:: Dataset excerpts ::
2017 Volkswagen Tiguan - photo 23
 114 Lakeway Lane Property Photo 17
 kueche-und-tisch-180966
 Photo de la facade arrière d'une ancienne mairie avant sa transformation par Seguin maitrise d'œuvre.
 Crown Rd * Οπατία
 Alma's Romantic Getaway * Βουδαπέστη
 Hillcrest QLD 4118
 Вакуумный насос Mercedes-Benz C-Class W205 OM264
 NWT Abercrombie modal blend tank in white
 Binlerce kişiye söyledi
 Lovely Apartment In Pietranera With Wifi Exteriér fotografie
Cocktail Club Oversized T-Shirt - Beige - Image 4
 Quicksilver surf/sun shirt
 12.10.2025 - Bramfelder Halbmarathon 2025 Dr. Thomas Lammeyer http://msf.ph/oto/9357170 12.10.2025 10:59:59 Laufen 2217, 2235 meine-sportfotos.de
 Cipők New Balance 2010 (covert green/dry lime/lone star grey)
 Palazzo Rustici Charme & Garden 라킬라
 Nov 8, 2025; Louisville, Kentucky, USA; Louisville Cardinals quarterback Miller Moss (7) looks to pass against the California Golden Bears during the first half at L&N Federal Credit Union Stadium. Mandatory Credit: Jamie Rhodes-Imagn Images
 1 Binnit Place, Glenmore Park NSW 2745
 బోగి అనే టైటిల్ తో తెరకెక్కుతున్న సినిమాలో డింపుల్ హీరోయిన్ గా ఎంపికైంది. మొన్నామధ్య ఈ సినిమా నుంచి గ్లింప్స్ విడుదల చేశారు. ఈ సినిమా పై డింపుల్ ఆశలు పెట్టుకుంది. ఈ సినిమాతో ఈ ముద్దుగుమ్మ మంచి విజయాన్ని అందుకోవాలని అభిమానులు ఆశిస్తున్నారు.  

:: Exercise aim ::
Give the entries again in full, exactly as they were written above.

:: Answer for this exercise ::
2017 Volkswagen Tiguan - photo 23
 114 Lakeway Lane Property Photo 17
 kueche-und-tisch-180966
 Photo de la facade arrière d'une ancienne mairie avant sa transformation par Seguin maitrise d'œuvre.
 Crown Rd * Οπατία
 Alma's Romantic Getaway * Βουδαπέστη
 Hillcrest QLD 4118
 Вакуумный насос Mercedes-Benz C-Class W205 OM264
 NWT Abercrombie modal blend tank in white
 Binlerce kişiye söyledi
 Lovely Apartment In Pietranera With Wifi Exteriér fotografie
Cocktail Club Oversized T-Shirt - Beige - Image 4
 Quicksilver surf/sun shirt
 12.10.2025 - Bramfelder Halbmarathon 2025 Dr. Thomas Lammeyer http://msf.ph/oto/9357170 12.10.2025 10:59:59 Laufen 2217, 2235 meine-sportfotos.de
 Cipők New Balance 2010 (covert green/dry lime/lone star grey)
 Palazzo Rustici Charme & Garden 라킬라
 Nov 8, 2025; Louisville, Kentucky, USA; Louisville Cardinals quarterback Miller Moss (7) looks to pass against the California Golden Bears during the first half at L&N Federal Credit Union Stadium. Mandatory Credit: Jamie Rhodes-Imagn Images
 1 Binnit Place, Glenmore Park NSW 2745
 బోగి అనే టైటిల్ తో తెరకెక్కుతున్న సినిమాలో డింపుల్ హీరోయిన్ గా ఎంపికైంది. మొన్నామధ్య ఈ సినిమా నుంచి గ్లింప్స్ విడుదల చేశారు. ఈ సినిమా పై డింపుల్ ఆశలు పెట్టుకుంది. ఈ సినిమాతో ఈ ముద్దుగుమ్మ మంచి విజయాన్ని అందుకోవాలని అభిమానులు ఆశిస్తున్నారు.  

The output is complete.